The Moon many not have any seas, but it has an estimated 300,000 craters. Of these, 1,586 have been named after those who’ve achieved eminence, most often in the sciences and in particular astronomy. But of these named craters, only 28 honour a woman.

The authors of ‘The Women of the Moon: Tales of Science, Love, Sorrow and Courage’ (Oxford University Press, £20, ISBN 9780198844419) – ironically two male academics, an astrophysicist and an astronomer – are determined to redress this injustice by highlighting the extraordinary achievements of the 28.

Daniel R Altschuler and Fernando J Ballesteros admit it’s an ‘incongruent set’. They present them in chronological order, beginning with 3rd-century celebrated mathematician Hypatia of Alexandria, who wasn’t given a lunar crater to call her own until 1973. They end with cosmonaut Valentina Tereshkova, the only living woman to have a lunar crater named after her. Their scientific subjects range from the well known (‘Queen of Science’ mathematician Mary Somerville) to the unknown (Victorian philanthropist and supporter of astronomy Anne Sheepshanks).

Each of this diverse female tribe of achievers is given one chapter, containing a cradle-to-grave account of her life. The final paragraph in each chapter identifies the crater named after them with an accompanying photograph – all indistinguishable black and white pimples or dimples in a sea of grey.

Annie Maunder (1868-1947) has a large 55km crater on the far side of the Moon. Maunder travelled the globe to make observations using a special wide-angle camera that she had built herself, capturing many astronomical phenomena for the first time. Caroline Herschel (1750-1848) is brought out from the scientific male shadow cast by her father, brothers and nephew over her considerable body of work, and her contribution to astronomy outlined. But despite her huge accomplishments, the authors lament that “her crater is small, 13.4km, in the western part of Mare Imbrium”, as if the size of crater C Herschel is a further injustice.

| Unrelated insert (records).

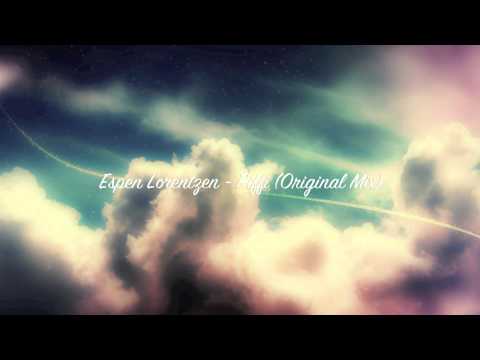 Espen Lorentzen - Piffi (Original Mix) [HD]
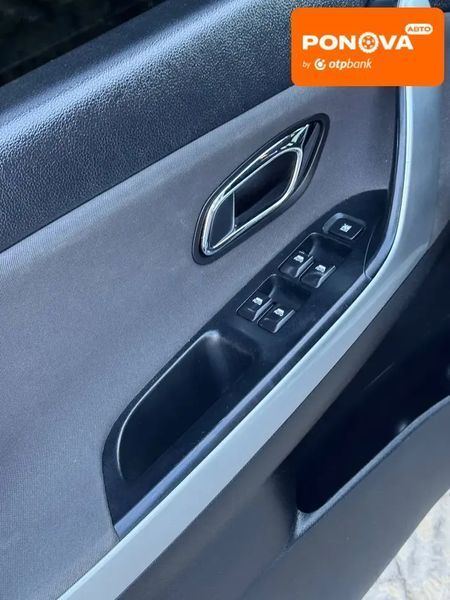 Kia Ceed, 2013 г., Дизель, 230 тыс. км, Универсал, Серый, Стрый AT-10410890 фото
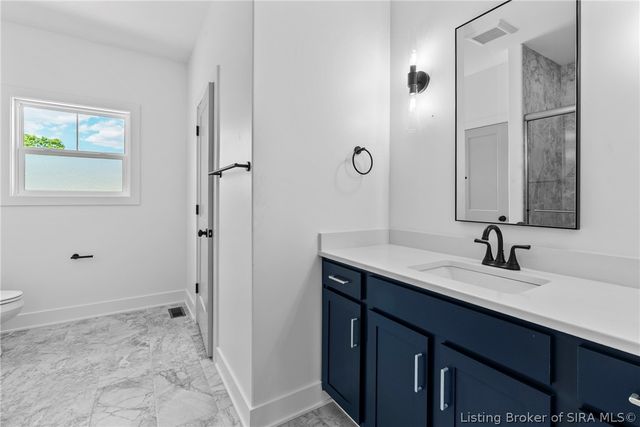 4640 Red Tail Ridge 213, Jeffersonville, IN 47130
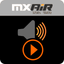 MXAiR icon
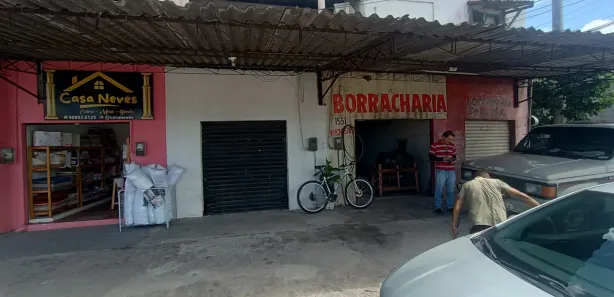 Imagem do imóvel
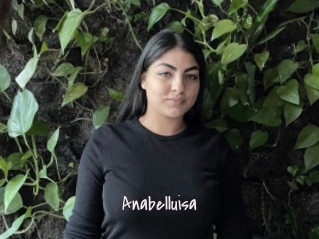 Anabelluisa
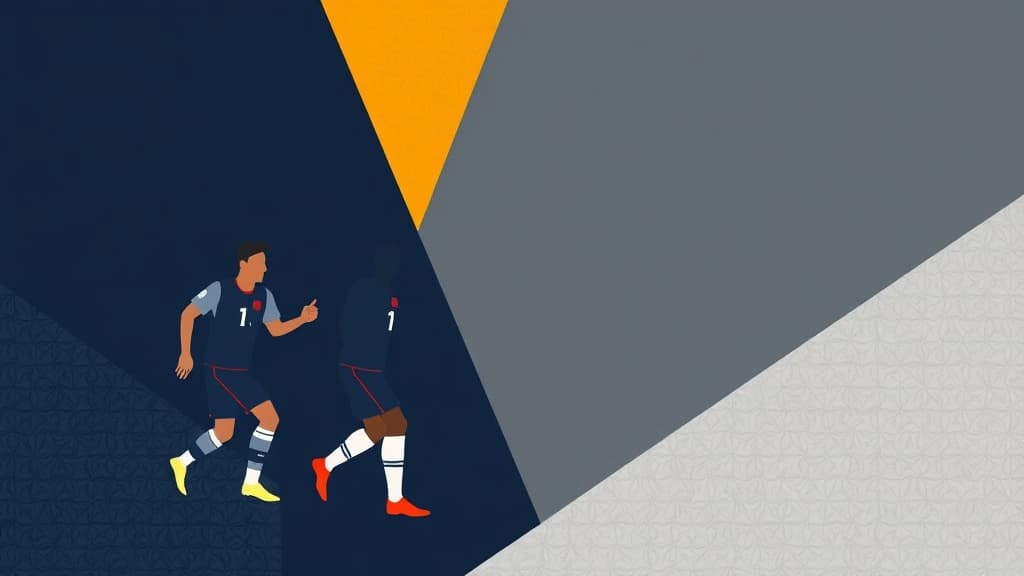 Now or Never: England Must Bring the World Cup Home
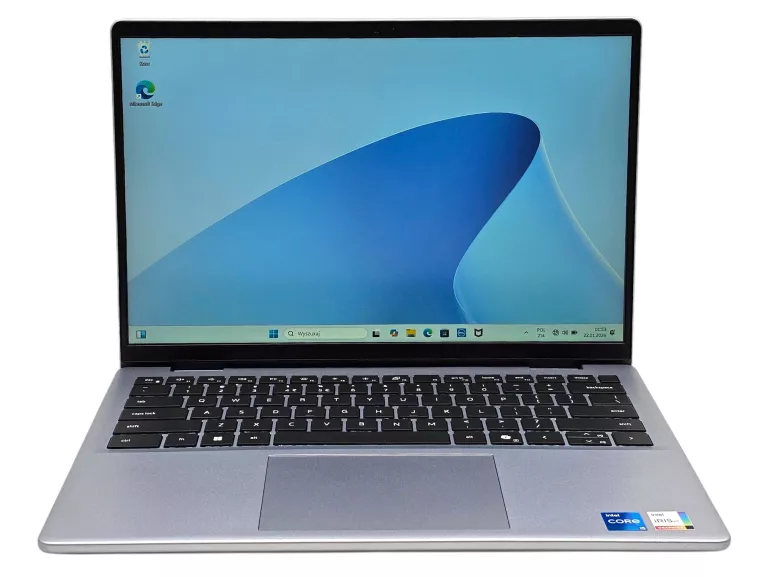 laptop-dell-inspiron-5440-14-i5-1334u-16gb1tb-intel-iris-xe-gw102027r-ean-gtin-5397184948095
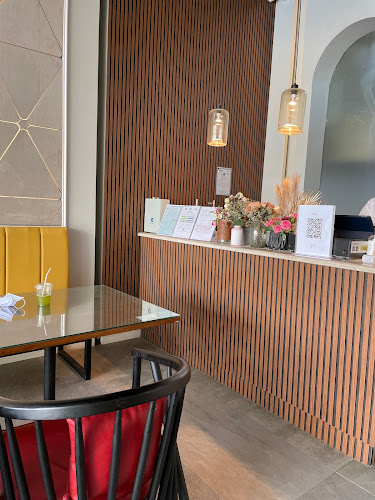 مطعم جيا للمأكولات الهندية بيشة - jyia restaurant - الضيافة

Five of the women are ‘Harvard computers’ – women who, from the 1870s onwards, were employed at the Harvard Observatory to process and make sense of astronomical data by sorting the stars into categories. Highly skilled, many like Henrietta Leavitt (1868-1921) and Priscilla Bok (1896-1975) went on to publish their own work. Another way for a woman to have a better chance of getting her name on the Moon is to have sacrificed her life in the name of science. Four of the 28 are astronauts killed on Nasa missions.

The authors are critical of the International Astronomical Union, founded in 1919 to oversee all nomenclature of celestial bodies. When the body was established, 1.7 per cent of craters were named after women. One hundred years and over one thousand more namings later, that figure remains at 1.7 per cent.

The authors urge us to submit suggestions to name the hundreds of thousands of craters that remain blanks on the lunar map. Anyone can submit a proposal on an IAU Name Request Form. The authors have their own favourites, but say “We wish to encourage others”. Why not fill it out? It could be one small step for man, one giant leap for womankind.